Wow, this is spectacular. Nice job. 

Although in my opinion, the stock Atlas brakes are pretty stout...

Just curious, where on the Venn diagram of looks, performance, and just for sh*ts did your decision land?


----------



## skydaman (Dec 16, 2005)

SykoraA4 said:


> I've been wondering about this - thanks for the details! I wonder if the larger Macan rotors will bolt up too


From what I've read Macan rotors do not work, but I believe MK6 Golf R rotors do. Plan to try those once I wear these out.


----------



## skydaman (Dec 16, 2005)

mhjett said:


> Wow, this is spectacular. Nice job.
> 
> Although in my opinion, the stock Atlas brakes are pretty stout...
> 
> Just curious, where on the Venn diagram of looks, performance, and just for sh*ts did your decision land?


Thanks!

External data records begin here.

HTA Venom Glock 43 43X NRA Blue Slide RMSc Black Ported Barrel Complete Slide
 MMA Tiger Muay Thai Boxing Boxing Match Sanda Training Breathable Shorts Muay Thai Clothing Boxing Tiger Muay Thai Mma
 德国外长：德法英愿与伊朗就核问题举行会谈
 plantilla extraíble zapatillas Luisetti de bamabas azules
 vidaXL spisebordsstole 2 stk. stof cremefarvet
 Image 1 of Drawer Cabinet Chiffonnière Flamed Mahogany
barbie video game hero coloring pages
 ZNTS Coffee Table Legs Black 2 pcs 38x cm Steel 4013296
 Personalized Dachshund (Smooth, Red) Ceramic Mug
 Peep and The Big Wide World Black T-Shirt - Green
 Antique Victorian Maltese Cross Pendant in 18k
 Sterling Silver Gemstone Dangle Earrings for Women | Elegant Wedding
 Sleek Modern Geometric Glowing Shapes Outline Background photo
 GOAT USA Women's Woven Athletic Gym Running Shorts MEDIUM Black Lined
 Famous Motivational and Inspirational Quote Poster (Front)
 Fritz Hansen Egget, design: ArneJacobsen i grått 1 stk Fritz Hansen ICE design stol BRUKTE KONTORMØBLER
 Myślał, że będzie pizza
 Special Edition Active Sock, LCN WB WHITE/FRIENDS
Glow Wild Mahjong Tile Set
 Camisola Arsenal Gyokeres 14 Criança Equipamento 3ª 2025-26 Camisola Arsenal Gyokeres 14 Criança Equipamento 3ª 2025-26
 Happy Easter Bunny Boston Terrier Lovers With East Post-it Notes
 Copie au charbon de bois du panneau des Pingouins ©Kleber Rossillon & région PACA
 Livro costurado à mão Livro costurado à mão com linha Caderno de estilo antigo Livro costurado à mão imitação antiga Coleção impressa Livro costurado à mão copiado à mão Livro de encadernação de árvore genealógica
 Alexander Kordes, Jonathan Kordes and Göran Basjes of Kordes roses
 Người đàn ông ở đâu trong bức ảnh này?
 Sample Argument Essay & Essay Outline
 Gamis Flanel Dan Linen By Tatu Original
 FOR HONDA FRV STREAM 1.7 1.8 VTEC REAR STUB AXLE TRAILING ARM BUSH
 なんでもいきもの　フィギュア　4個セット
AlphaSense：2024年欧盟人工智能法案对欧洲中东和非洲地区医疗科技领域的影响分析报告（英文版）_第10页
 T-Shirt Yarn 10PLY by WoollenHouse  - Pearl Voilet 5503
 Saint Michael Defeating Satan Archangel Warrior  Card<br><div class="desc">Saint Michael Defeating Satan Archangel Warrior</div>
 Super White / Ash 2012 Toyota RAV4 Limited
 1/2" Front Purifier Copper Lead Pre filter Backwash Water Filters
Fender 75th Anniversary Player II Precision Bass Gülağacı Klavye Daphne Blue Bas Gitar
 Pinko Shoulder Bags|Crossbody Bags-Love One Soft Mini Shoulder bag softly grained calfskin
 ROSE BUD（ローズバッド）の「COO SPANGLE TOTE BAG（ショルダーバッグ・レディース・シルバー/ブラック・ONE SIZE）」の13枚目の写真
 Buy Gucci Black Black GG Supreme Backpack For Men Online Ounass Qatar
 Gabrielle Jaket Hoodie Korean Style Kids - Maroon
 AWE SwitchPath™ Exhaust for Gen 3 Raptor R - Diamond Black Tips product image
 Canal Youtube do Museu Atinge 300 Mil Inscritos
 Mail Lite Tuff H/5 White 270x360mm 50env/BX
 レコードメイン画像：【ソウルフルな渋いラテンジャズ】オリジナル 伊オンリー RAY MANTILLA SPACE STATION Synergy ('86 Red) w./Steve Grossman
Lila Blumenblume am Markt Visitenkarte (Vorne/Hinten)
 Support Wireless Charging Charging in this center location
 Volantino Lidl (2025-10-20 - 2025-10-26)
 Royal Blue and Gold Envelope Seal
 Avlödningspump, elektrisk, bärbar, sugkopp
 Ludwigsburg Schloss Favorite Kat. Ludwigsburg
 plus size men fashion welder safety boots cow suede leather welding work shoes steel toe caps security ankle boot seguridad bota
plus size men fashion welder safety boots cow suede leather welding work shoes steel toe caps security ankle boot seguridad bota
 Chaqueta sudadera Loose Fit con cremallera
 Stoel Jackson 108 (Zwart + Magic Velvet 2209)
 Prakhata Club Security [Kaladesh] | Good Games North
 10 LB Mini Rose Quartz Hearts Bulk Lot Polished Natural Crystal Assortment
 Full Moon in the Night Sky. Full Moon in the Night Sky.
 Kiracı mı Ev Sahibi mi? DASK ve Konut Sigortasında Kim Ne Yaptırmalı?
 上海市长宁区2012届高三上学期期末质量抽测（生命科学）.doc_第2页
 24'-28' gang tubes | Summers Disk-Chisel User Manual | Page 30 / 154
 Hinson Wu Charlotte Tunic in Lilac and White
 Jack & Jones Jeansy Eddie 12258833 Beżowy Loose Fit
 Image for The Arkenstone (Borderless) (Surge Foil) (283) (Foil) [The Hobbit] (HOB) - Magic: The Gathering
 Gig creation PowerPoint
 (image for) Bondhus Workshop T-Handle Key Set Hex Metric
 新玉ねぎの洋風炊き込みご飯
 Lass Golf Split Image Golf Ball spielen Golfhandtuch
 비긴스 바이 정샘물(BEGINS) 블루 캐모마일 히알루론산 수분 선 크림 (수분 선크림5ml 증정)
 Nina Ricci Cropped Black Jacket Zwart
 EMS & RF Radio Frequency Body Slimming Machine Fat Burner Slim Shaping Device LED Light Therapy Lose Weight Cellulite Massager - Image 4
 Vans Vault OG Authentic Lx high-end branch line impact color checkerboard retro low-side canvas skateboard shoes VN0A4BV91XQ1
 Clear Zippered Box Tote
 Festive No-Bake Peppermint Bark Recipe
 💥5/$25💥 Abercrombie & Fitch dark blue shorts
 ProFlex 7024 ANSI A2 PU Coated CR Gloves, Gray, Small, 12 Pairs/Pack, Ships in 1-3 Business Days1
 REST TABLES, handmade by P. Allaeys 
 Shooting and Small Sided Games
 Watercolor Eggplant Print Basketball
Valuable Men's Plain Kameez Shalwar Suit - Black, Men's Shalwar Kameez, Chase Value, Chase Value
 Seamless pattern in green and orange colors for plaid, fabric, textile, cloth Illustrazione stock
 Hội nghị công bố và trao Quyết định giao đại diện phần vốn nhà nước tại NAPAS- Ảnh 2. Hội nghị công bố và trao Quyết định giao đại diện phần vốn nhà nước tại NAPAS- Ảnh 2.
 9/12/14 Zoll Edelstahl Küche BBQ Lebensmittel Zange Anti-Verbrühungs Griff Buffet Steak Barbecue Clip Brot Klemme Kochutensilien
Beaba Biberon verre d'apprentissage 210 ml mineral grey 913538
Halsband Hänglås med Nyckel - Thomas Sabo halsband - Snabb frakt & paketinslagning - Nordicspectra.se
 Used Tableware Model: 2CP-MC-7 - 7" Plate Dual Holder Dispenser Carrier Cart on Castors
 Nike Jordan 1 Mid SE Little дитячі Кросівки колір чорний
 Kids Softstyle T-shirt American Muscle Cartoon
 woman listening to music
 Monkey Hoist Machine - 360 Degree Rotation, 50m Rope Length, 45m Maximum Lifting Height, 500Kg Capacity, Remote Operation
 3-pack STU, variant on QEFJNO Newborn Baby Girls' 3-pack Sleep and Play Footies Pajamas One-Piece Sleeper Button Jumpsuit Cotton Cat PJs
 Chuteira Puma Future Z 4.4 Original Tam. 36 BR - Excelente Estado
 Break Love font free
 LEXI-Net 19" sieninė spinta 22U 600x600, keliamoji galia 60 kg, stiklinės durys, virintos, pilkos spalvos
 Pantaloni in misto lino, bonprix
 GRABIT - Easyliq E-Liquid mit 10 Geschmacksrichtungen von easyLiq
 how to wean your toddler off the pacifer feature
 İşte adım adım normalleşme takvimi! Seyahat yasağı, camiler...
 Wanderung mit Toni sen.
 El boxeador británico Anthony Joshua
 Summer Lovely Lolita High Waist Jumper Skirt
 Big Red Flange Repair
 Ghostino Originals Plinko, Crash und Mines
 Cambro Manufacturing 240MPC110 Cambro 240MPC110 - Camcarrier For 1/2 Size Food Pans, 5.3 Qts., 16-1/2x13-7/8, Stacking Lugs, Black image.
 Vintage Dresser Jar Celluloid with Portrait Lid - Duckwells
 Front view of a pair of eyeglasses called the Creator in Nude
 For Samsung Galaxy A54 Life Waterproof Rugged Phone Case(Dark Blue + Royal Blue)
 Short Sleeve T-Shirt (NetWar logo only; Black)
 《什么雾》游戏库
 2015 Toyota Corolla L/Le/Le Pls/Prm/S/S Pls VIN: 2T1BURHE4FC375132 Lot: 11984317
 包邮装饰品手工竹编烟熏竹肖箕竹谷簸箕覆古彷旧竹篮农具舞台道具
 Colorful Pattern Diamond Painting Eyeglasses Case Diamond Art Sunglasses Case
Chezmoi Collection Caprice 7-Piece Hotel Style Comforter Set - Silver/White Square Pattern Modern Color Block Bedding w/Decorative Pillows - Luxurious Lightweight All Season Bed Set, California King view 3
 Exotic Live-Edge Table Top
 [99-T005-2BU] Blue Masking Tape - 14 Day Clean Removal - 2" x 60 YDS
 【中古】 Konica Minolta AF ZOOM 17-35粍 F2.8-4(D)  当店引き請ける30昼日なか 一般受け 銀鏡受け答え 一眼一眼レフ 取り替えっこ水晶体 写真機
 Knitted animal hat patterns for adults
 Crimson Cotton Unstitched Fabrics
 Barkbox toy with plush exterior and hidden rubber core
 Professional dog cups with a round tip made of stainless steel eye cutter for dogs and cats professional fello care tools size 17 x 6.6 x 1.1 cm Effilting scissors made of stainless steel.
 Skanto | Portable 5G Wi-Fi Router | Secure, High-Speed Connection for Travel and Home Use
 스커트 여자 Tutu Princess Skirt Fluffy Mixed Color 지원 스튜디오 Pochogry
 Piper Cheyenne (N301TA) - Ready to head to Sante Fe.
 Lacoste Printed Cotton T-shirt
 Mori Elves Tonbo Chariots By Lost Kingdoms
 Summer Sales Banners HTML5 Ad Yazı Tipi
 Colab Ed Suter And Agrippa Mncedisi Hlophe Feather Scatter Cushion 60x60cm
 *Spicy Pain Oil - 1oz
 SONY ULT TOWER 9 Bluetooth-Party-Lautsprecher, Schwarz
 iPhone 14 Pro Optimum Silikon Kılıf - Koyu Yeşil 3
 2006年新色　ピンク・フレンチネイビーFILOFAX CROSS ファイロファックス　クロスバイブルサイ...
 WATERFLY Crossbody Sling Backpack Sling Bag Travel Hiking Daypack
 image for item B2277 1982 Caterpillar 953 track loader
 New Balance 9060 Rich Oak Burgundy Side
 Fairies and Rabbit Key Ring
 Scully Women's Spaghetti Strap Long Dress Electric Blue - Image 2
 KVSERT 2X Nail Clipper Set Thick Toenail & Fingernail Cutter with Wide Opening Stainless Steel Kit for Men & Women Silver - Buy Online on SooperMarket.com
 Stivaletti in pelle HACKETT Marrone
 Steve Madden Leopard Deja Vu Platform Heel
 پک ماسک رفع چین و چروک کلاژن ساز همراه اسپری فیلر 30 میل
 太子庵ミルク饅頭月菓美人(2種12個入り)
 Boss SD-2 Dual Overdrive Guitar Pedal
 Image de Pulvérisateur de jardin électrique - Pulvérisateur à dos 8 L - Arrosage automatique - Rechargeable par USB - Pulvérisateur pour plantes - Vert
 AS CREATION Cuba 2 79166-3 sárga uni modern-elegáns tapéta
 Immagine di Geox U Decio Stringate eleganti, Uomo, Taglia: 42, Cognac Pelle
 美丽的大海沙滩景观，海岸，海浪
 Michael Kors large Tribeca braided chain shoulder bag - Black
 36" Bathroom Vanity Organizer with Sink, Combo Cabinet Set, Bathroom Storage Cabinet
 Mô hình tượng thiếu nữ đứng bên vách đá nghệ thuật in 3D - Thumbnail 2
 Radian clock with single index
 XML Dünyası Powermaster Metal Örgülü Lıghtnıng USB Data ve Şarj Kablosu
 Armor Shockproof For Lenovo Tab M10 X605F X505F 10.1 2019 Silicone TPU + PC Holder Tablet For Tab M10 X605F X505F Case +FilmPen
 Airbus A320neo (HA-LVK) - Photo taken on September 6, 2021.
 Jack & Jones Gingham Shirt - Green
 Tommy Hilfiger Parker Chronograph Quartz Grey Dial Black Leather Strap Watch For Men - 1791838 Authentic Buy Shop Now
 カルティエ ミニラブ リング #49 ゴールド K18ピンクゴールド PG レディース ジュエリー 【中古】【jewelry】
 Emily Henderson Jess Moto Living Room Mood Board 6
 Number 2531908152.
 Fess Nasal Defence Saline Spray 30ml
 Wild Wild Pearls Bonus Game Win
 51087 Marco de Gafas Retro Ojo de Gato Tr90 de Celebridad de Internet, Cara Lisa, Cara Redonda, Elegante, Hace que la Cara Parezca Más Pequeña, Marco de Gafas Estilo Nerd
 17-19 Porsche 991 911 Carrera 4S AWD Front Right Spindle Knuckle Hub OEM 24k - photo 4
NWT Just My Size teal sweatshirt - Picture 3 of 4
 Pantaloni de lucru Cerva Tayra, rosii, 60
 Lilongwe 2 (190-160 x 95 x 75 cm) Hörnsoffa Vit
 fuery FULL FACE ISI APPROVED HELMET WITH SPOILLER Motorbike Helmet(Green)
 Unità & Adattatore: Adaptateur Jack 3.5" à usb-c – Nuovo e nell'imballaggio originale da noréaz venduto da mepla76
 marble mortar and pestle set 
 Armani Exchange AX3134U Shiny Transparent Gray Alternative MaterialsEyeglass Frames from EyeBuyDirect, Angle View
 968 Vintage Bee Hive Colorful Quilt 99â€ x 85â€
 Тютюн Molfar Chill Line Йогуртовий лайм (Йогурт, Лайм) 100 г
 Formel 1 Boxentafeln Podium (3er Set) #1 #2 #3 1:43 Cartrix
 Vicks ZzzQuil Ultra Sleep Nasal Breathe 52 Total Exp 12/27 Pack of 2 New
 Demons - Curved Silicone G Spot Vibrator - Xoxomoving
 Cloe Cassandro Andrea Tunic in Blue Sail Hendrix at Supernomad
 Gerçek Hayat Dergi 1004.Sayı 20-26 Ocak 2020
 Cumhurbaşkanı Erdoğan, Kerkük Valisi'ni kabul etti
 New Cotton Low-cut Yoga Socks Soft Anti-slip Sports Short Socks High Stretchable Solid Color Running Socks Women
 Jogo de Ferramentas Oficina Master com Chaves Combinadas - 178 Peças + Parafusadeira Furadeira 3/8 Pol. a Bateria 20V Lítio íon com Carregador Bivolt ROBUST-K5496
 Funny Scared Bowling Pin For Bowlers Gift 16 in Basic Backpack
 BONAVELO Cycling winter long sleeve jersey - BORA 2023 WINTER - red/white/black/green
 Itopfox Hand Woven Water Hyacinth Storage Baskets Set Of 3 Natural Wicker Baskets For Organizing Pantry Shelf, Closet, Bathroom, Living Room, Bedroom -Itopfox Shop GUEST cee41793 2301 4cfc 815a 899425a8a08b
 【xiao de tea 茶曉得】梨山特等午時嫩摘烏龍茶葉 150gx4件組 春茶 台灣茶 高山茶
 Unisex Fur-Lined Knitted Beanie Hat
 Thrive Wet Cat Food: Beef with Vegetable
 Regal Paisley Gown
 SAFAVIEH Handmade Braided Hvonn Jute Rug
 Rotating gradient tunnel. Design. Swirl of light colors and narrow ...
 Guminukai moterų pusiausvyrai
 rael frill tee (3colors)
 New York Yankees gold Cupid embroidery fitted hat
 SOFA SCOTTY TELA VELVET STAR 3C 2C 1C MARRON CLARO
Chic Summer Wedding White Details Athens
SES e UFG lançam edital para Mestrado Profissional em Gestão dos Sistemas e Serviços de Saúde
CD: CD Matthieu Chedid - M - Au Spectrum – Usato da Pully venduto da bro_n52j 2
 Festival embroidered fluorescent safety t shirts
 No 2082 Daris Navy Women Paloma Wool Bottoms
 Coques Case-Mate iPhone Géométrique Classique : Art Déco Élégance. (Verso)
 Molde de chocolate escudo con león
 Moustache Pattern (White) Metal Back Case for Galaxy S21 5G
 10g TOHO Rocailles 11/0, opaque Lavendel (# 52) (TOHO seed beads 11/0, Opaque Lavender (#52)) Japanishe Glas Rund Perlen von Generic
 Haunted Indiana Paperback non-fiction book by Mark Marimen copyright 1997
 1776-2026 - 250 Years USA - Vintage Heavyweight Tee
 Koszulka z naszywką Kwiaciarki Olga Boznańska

I did not share that sentiment. I thought the stock pedal feel was pretty bad, which can be improved via changes to adaptation. After doing that I still thought the brakes were lacking so I looked into replacements. I found a bunch of GTI guys doing the TTS and Macan brake swaps because they thought the same brakes sucked on a GTI and Atlas is a bunch heavier but still an MQB chassis so most of the same mods should work. Besides a much better brake feel, better looks doesn't hurt either. 

I think between the brakes, coilovers, resonator delete, smaller muffler, delete spare tire\jack you can drop almost 150lbs off these things. Granted not a ton but every little bit helps the limited horsepower and MPG.


----------



## bboshart (Aug 6, 2012)

Would these clear with no spacers? I can't quite tell how close they are from your pic.


----------



## skydaman (Dec 16, 2005)

bboshart said:


> Would these clear with no spacers? I can't quite tell how close they are from your pic.


With stock wheels you would need some sort of spacer, I already had the front 12.5mm/rear 20mm ECS flush spacer set. I currently have 5-6mm between caliper and wheel so you could get away with 10mm.


----------



## Frstrtdmac (Jan 23, 2021)

This is the thread I was looking for


----------



## Frstrtdmac (Jan 23, 2021)

skydaman said:


> Finished up my brake swap, details for anyone interested.
> 
> Stock caliper bolts work, no trimming of dust shield required, pretty much a direct swap.
> 
> ...


Thank you!!!!!! Now I have to figure out what rotors will fit.


----------



## SykoraA4 (Jul 22, 2007)

do you happen to have a lead on stainless brake lines?


----------



## krebsy75 (Jul 20, 2017)

Superb work. Impressed!


Sent from my iPhone using Tapatalk


----------



## skydaman (Dec 16, 2005)

Frstrtdmac said:


> Thank you!!!!!! Now I have to figure out what rotors will fit.


I believe MK6 Golf R rotor is what bumps it up a bit to a 340 or 345mm disk from our stock 335.



SykoraA4 said:


> do you happen to have a lead on stainless brake lines?


I dont yet. Someone mentioned techna-fit would make custom lines for this swap on a GTI, but not sure if they have the specs for an Atlas.


----------



## mhjett (Oct 16, 2000)

So the new caliper from Porsche comes without the "Porsche" script on it? It would have been that much cooler if it did...


----------



## skydaman (Dec 16, 2005)

mhjett said:


> So the new caliper from Porsche comes without the "Porsche" script on it? It would have been that much cooler if it did...


If you dont feel like painting them, you can get calipers for an SQ5 which are the same caliper but not painted or logo'd at all... the down fall is they are twice the price. So up to you $500 and a can of paint or $1000.


----------